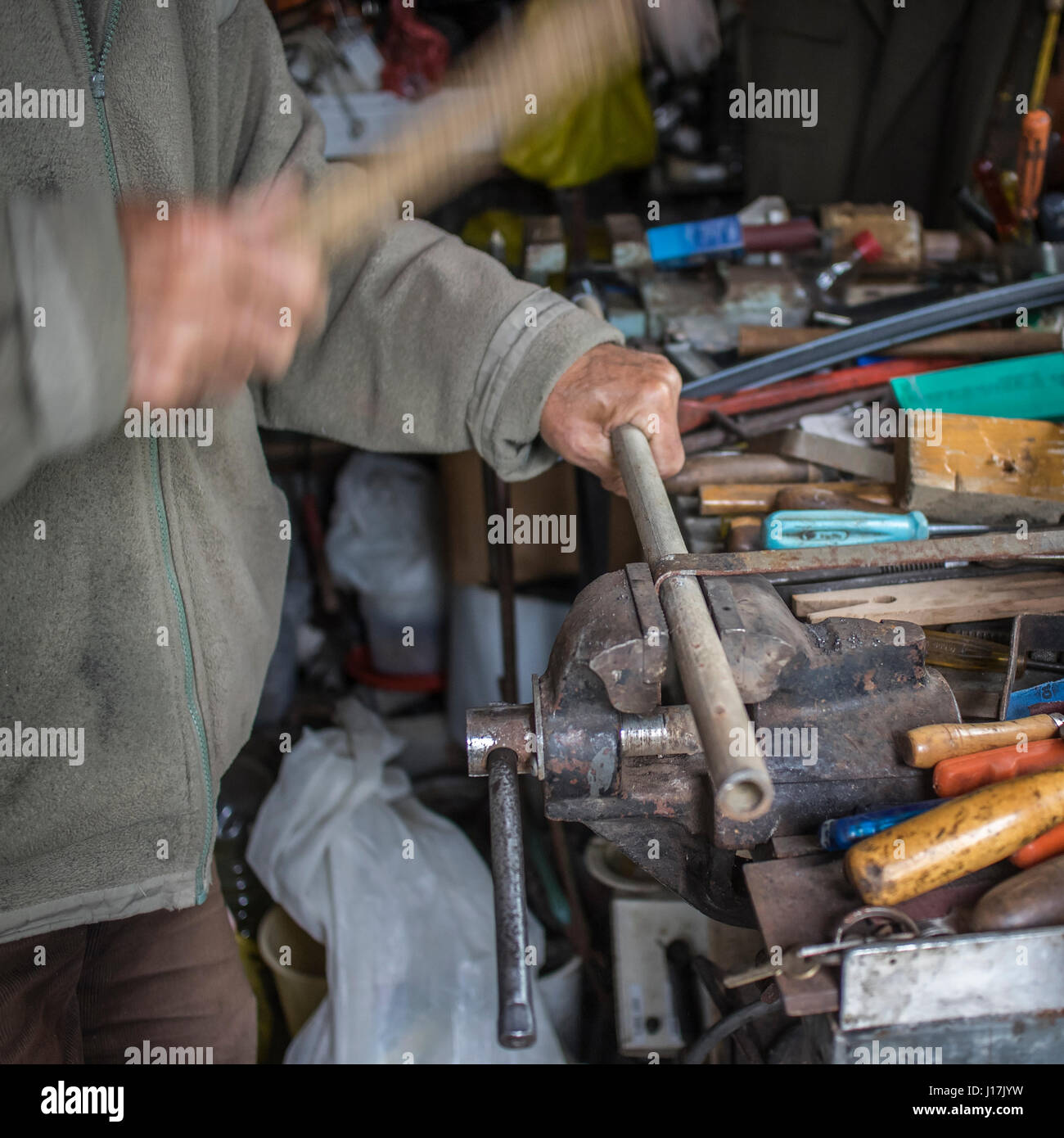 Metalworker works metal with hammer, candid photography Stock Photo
* * *
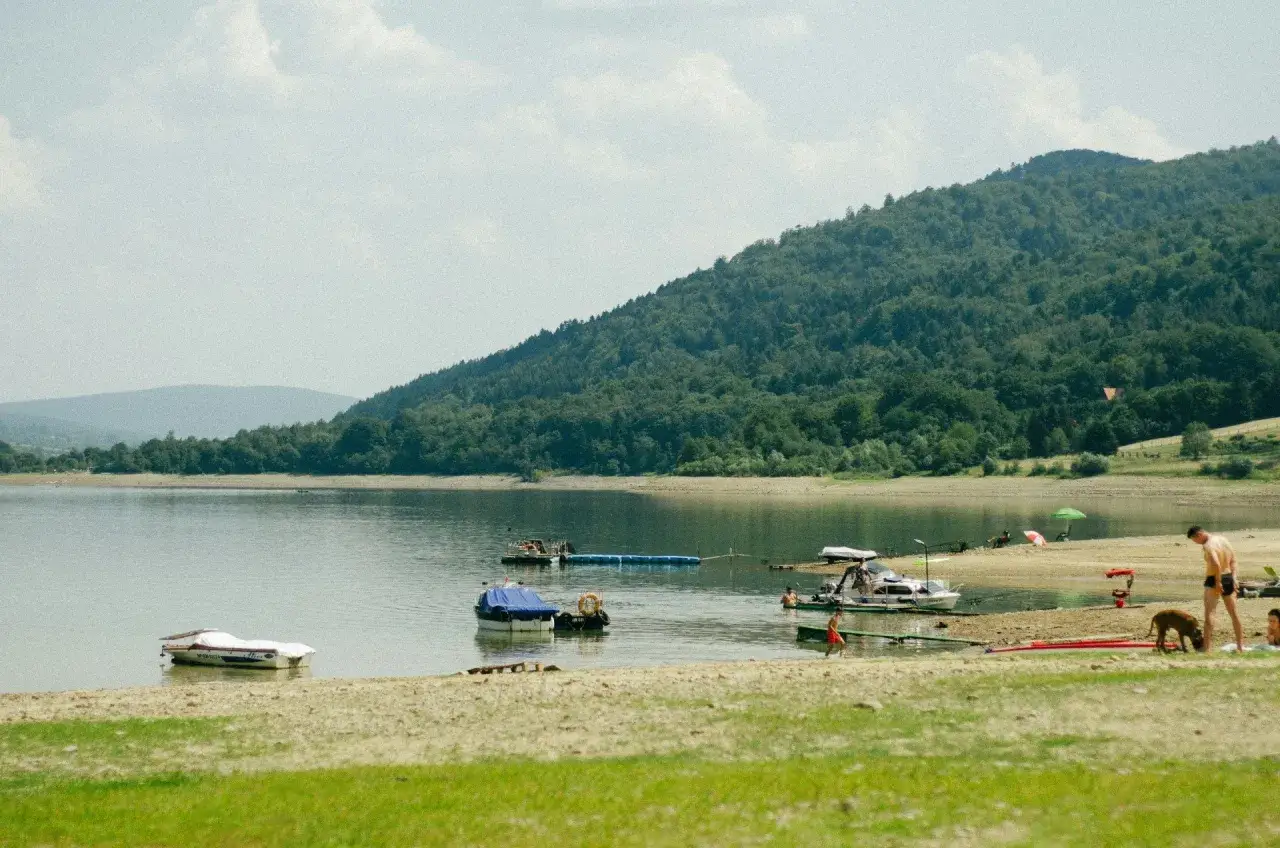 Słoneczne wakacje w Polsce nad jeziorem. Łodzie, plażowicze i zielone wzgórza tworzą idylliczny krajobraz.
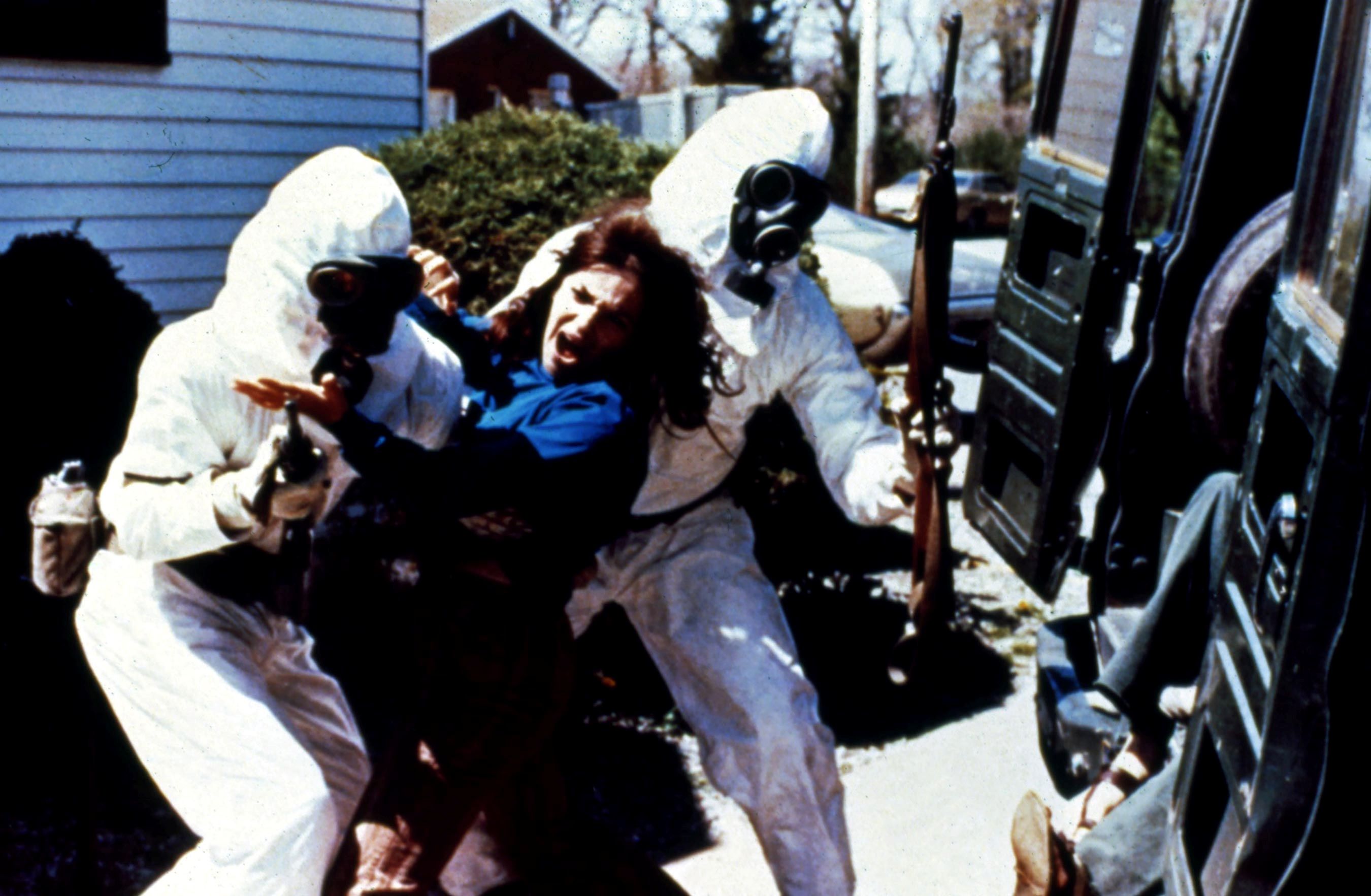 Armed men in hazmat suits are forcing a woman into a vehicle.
...
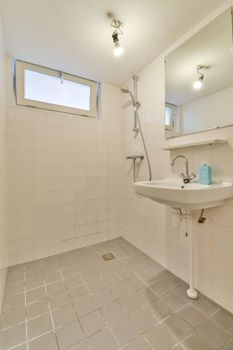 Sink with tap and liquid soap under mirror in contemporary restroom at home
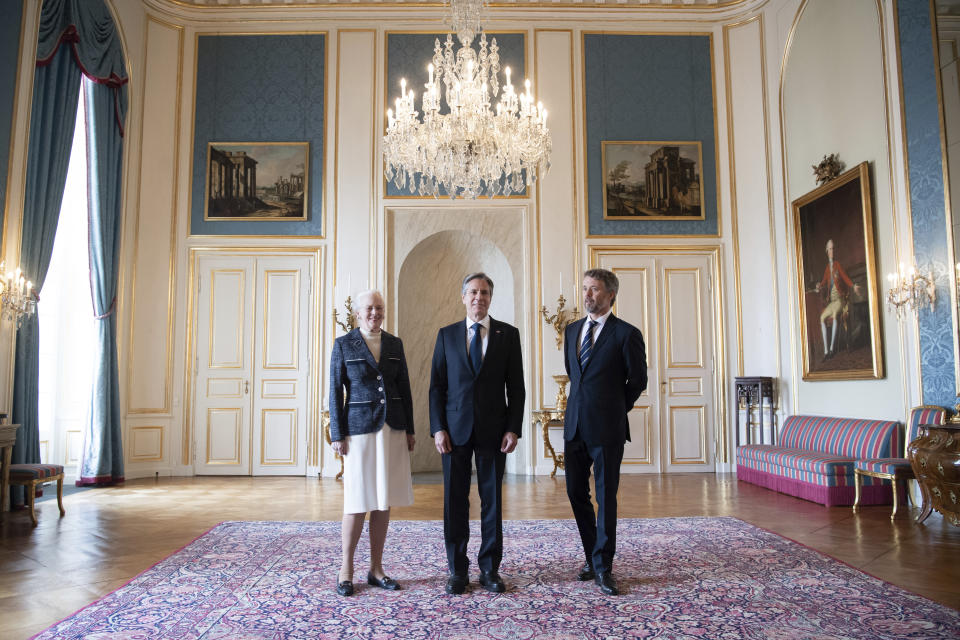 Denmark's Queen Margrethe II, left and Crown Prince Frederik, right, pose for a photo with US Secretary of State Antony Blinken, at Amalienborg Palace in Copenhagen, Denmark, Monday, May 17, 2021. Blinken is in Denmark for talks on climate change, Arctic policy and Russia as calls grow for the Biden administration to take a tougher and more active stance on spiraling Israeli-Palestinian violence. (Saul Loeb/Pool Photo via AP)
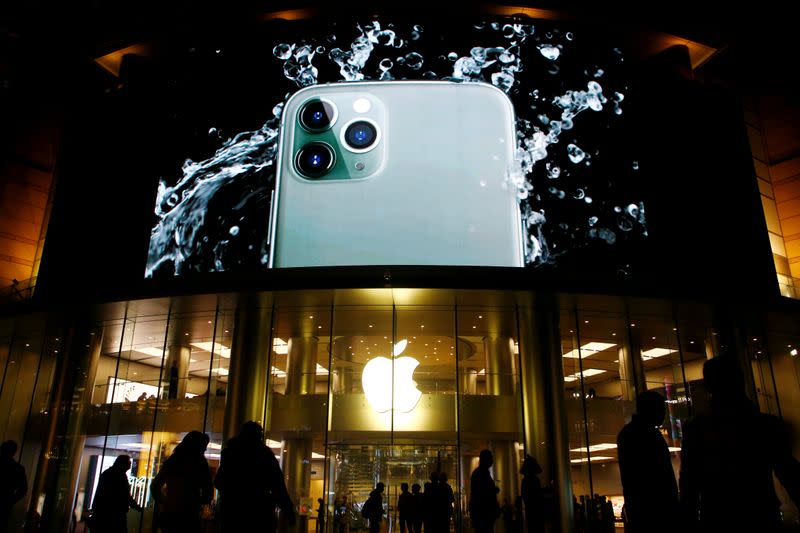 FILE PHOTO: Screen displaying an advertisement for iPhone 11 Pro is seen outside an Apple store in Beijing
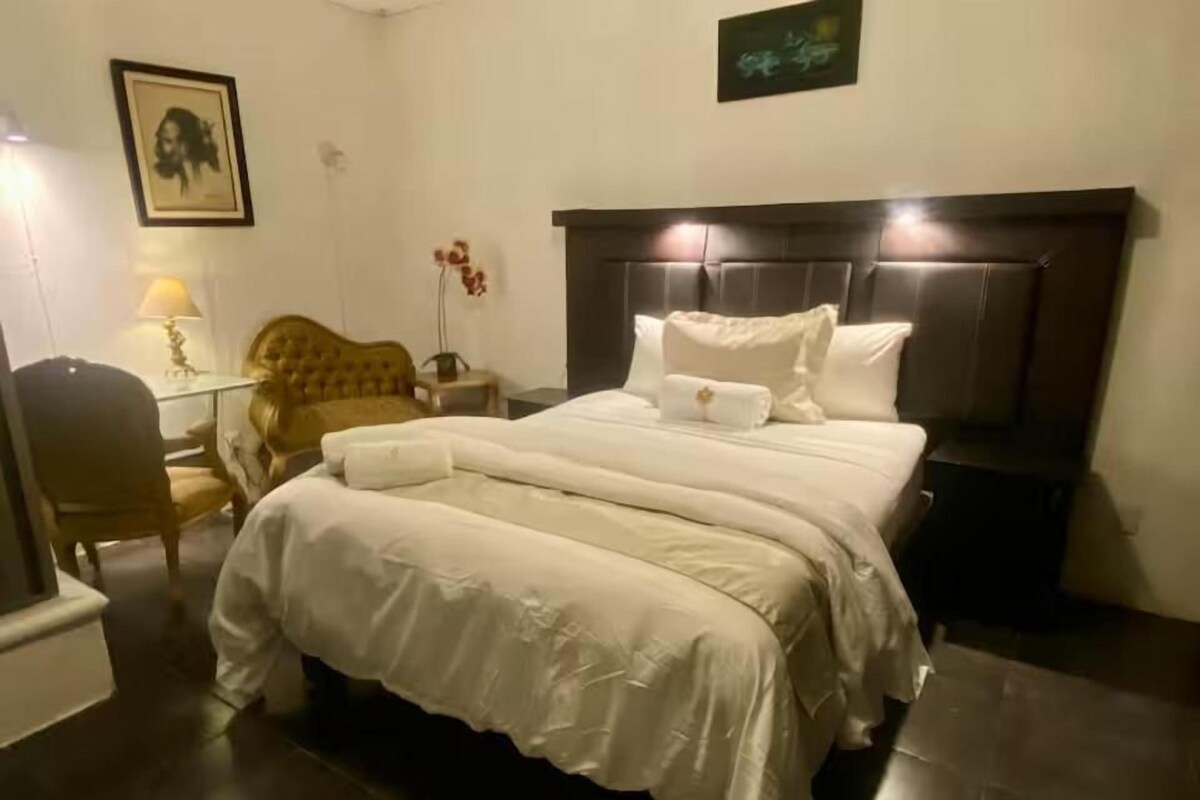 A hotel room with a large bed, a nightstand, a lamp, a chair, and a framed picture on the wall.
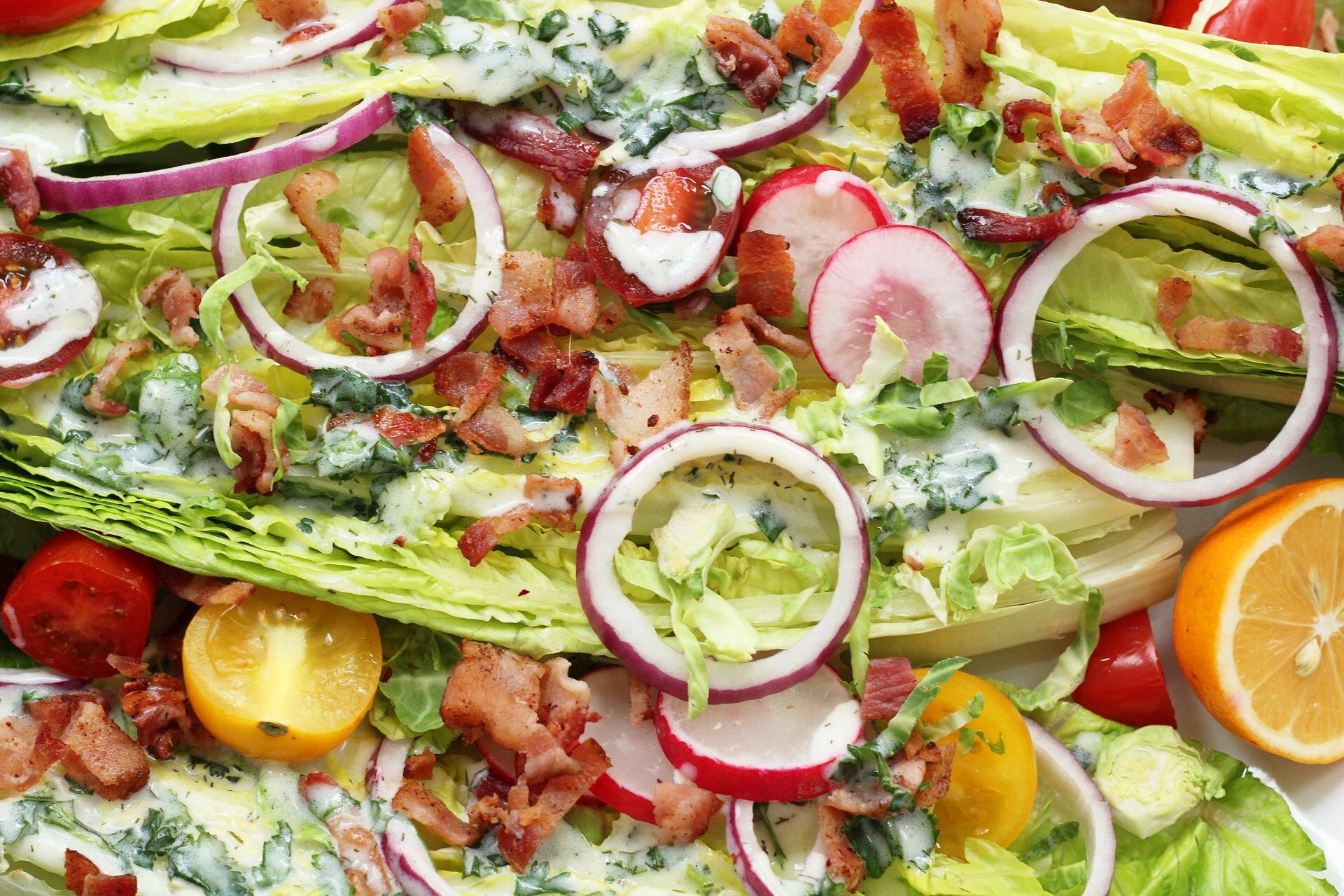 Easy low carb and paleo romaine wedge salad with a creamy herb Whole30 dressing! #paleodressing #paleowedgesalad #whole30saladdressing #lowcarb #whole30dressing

WHAT IS EXPECTED
Nothing but the lines from the one containing "FILE PHOTO: Screen" through the one containing "A hotel room" should appear, copied exactly from the material above and without pictures.

SOLVED EXERCISE
 FILE PHOTO: Screen displaying an advertisement for iPhone 11 Pro is seen outside an Apple store in Beijing
 A hotel room with a large bed, a nightstand, a lamp, a chair, and a framed picture on the wall.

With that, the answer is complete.